Puppies and kittens aren't the only way to go when your child is eager to have a pet to call their own. These four low-maintenance options will give kids all the benefits of pet ownership without all the hassle.
It's no secret—kids love animals, and nearly every kid wants a pet. But keeping pets is also a lot of work, and many parents have the not-unreasonable worry that most of that work is going to be passed off to them. As wonderful as keeping chickens may be, any parent who sets up a chicken coop in the backyard is going to end up sinking a lot of time into caring for the birds. And of course, there’s the classic example of the parent who somehow always gets stuck walking the dog their child swore they were going to take out twice every day.
Pet ownership is good for kids
Pet ownership has a myriad of benefits for kids of all ages. Most obviously, caring for a pet teaches children about responsibility and the importance of caring for others. Kids with pets learn firsthand lessons about empathy and respect, in addition to more challenging lessons about time management and the importance of following through on their obligations. Pet ownership and the unconditional love animals show toward their owners can also be a huge boost to a child's emotional health and self-esteem.
Fortunately, not every pet is as needy as a puppy or a flock of hens, and there are plenty of animal options out there for families that want to reap the benefits of pet ownership without taking on as much responsibility.
4 small animals that make excellent first pets for kids
Reptiles, in general, aren’t a bad option for low-maintenance pets, and bearded dragons are one of the best starter reptiles out there.
Besides being adorable (not to mention having an evocative name that’s sure to get young Tolkien fans hooked) caring for beardies is significantly less complicated than for some of their flashier lizard brethren.
Of course, that doesn’t mean beardie owners can just buy a tank, set it, and forget it. Beardies need to be fed frequently—vegetables every day, and insects every other day. Their tanks should be cleaned on a weekly basis.
But these responsibilities are easily regimented—feeding time should always be in the morning, for example—which is great for kids who crave structure and routine. Beardies are also one of the few reptiles who give as good as they get in terms of demonstrable affection; they’re active during the day and love being handled by their owners as long as it’s done safely and hygienically.

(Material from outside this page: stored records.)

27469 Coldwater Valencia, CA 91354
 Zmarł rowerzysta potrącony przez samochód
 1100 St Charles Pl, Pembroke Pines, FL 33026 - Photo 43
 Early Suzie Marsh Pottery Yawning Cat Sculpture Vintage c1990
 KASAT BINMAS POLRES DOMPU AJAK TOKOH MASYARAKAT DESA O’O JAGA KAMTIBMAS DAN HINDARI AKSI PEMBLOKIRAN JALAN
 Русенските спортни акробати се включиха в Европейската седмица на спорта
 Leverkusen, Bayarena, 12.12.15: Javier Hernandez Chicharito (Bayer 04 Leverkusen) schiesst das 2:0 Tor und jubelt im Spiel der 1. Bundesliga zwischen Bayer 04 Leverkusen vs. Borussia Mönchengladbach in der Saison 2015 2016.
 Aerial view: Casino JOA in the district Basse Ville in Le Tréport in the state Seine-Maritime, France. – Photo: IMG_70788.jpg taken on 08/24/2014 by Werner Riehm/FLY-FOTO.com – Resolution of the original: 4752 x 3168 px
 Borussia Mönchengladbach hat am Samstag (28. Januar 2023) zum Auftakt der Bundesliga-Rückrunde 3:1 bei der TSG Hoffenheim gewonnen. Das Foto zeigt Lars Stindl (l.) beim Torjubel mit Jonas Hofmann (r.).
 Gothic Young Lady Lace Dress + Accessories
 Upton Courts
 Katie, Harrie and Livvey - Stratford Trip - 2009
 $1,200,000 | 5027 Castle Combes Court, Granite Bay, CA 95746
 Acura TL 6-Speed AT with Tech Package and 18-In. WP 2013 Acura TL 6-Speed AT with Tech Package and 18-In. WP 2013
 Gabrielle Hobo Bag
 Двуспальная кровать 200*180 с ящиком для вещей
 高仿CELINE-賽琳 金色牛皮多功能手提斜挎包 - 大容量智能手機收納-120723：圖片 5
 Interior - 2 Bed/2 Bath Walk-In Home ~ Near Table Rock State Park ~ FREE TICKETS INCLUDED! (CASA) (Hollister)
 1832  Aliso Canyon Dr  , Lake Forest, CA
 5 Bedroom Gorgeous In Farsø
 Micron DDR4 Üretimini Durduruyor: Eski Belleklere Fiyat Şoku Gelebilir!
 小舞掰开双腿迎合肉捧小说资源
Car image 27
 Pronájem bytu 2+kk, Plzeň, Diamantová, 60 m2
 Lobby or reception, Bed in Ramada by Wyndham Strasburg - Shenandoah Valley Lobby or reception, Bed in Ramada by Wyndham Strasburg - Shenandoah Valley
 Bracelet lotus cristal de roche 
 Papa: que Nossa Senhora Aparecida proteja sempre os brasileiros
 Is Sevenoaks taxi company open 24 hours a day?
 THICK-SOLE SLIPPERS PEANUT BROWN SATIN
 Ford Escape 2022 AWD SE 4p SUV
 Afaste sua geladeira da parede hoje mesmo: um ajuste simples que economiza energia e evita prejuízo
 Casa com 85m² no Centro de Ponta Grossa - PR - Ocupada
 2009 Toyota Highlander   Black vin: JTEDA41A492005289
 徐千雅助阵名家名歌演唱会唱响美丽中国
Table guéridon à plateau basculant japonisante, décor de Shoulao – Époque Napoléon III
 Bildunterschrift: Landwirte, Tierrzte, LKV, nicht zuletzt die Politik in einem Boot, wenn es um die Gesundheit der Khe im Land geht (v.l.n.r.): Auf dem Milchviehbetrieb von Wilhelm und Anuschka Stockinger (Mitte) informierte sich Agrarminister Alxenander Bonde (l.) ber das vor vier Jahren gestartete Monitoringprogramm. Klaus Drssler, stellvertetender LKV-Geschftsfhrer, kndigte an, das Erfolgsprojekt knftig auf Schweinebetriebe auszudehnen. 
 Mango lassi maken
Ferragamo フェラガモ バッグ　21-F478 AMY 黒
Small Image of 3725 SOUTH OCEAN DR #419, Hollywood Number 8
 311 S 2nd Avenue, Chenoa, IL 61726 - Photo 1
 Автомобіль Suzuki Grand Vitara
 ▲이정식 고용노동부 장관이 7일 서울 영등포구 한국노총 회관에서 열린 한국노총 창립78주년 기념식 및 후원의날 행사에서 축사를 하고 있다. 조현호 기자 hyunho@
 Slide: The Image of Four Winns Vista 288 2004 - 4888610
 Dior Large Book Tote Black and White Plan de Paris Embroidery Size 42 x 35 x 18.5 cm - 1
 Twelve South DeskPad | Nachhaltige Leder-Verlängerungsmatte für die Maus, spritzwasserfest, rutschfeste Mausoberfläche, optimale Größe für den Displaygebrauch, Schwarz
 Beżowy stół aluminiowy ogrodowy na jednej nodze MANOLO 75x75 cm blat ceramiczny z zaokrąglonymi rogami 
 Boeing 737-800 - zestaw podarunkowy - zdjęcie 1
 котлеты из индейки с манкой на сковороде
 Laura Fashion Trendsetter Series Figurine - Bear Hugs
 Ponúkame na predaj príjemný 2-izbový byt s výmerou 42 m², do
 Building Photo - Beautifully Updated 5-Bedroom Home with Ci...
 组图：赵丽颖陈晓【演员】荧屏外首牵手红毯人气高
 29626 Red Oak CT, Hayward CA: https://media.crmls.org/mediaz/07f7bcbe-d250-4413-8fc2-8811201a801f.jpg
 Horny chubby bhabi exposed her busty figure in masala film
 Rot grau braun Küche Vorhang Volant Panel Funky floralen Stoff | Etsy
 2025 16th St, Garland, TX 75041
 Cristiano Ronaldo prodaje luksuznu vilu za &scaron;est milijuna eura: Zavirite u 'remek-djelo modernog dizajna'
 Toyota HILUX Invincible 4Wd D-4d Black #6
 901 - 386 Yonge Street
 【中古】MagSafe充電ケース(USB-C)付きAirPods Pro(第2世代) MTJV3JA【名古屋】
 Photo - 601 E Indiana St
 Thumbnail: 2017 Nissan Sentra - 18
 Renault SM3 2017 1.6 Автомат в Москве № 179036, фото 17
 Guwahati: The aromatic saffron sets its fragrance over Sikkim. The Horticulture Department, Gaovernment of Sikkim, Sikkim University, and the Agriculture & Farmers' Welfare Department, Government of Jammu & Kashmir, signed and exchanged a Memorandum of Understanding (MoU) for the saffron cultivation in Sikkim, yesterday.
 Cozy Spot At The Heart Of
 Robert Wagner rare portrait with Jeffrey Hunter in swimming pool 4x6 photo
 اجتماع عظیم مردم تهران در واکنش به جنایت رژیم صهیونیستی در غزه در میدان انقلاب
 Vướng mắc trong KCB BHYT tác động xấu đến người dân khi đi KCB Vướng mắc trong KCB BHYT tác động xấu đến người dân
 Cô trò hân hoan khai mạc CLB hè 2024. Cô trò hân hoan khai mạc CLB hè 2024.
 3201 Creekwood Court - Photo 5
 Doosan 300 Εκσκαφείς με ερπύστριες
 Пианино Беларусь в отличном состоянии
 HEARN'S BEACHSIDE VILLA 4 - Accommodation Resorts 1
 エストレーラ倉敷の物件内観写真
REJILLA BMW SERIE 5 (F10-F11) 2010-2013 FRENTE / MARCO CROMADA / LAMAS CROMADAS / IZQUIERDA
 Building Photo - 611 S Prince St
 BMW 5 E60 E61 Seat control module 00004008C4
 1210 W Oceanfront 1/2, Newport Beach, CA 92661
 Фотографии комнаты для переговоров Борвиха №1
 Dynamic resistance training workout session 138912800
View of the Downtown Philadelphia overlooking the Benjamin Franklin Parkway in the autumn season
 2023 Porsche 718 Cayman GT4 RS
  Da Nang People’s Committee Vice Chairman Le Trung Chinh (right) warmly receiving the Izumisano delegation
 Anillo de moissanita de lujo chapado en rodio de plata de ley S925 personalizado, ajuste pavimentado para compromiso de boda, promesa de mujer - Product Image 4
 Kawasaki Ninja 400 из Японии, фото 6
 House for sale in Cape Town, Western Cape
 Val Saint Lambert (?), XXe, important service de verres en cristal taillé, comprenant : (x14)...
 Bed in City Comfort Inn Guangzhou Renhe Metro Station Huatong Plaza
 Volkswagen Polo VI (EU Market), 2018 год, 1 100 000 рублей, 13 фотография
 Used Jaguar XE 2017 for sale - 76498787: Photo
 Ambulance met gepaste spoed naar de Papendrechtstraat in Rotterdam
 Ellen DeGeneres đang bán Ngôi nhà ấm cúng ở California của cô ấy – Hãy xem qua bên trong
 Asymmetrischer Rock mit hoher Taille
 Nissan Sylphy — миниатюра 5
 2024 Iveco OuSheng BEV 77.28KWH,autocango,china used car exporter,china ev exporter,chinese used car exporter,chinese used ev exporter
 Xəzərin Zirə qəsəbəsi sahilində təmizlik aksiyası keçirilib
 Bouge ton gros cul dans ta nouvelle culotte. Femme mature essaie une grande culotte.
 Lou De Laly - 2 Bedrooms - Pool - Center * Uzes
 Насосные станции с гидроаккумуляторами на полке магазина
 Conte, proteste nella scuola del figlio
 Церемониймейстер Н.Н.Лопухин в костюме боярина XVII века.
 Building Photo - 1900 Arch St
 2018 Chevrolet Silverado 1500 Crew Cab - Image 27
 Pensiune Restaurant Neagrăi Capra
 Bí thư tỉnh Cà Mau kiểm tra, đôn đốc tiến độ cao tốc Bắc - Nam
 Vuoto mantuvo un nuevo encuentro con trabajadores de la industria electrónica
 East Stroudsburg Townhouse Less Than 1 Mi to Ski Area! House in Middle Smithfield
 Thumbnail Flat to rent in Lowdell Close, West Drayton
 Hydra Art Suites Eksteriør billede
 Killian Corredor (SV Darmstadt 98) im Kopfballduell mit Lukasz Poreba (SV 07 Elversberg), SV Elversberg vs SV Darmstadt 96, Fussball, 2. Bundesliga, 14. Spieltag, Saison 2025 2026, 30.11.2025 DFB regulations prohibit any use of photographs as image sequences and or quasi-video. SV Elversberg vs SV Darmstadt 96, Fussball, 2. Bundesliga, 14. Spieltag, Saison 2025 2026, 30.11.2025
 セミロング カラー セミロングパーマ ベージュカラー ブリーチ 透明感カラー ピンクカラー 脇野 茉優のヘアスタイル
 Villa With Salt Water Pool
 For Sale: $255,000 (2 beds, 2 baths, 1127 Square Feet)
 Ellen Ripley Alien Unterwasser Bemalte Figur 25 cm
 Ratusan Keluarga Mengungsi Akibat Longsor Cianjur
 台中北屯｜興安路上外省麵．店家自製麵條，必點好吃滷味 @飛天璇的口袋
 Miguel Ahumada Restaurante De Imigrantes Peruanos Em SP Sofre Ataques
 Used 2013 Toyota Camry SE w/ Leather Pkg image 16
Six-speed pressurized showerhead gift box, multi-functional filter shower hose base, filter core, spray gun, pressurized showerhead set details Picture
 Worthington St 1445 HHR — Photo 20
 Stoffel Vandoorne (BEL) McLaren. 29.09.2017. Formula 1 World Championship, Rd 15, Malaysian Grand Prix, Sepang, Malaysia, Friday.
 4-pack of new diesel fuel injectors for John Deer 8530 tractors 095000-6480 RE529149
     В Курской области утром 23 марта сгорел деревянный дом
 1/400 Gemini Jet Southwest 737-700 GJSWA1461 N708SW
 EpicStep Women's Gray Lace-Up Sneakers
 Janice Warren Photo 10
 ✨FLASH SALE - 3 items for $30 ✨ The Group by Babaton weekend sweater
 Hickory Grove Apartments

Best of all, unlike dogs, beardies are more than happy to pass most of the time alone in their tanks, allowing their humans to focus on their math homework.
Even in a society obsessed with keeping fluffy mammals as pets, rodents tend to get short shrift as gross or scary. As with all pets, hamsters do carry some germs that can make humans sick, but with proper precautions, they very rarely do.
In fact, hamsters are actually a particularly clean pet, since they take care of all their grooming needs themselves—that's the face-washing ritual that makes them the adorable stars of so many internet videos. They also love to exercise, either in their cages or in a hamster ball, which is a great way for them to play with the kids.
Unlike dogs, hamsters also eat from a “store” of food. Although they should be fed daily, they aren’t going to freak out if dinnertime isn’t at the same time every day.
Fish are, of course, the classic pet for people who think they’re bad with pets. And there’s a reason for that! Many types of fish are easy to care for.
Saltwater fish, while beautiful, are actually difficult to maintain and don’t make great starter pets. There are also conservation concerns raised by things like the Finding Nemo effect.
Bettas are a great option for kids. As freshwater fish, they can live in small five-gallon tanks (with a lid) and are active, curious, and visually striking. While bettas, especially males, should generally not be housed together—lest they demonstrate their namesakes as “fighting fish”—their aggressive natures also make them fascinating to watch and observe.
While ideally a betta will be fed a little bit once or twice a day, they can be left without food for a few days (a week at most), making them much more vacation-friendly than dogs.
Like reptiles, keeping birds can be more complicated than it looks. Fortunately, parakeets (also called budgies) are a great starter bird.
Parakeets are very friendly and love human interaction—they can even be trained to step on and off your hand on command. They’re also fastidious groomers who love to take baths multiple times a week.
Parakeets do need to be fed daily, which means you’ll need a pet-sitter for even a brief trip, but that daily feeding will also create a regular schedule for the child pet owner. Best of all, parakeets, while vocal, make relatively quiet, raspy vocalizations, which aren’t nearly as disruptive as the booming barks of their canine counterparts.
Despite what children’s books and TV shows love to tell us, dogs aren’t the only pets in the world, and certainly not the only ones that kids can care for, learn from, and, most importantly, love.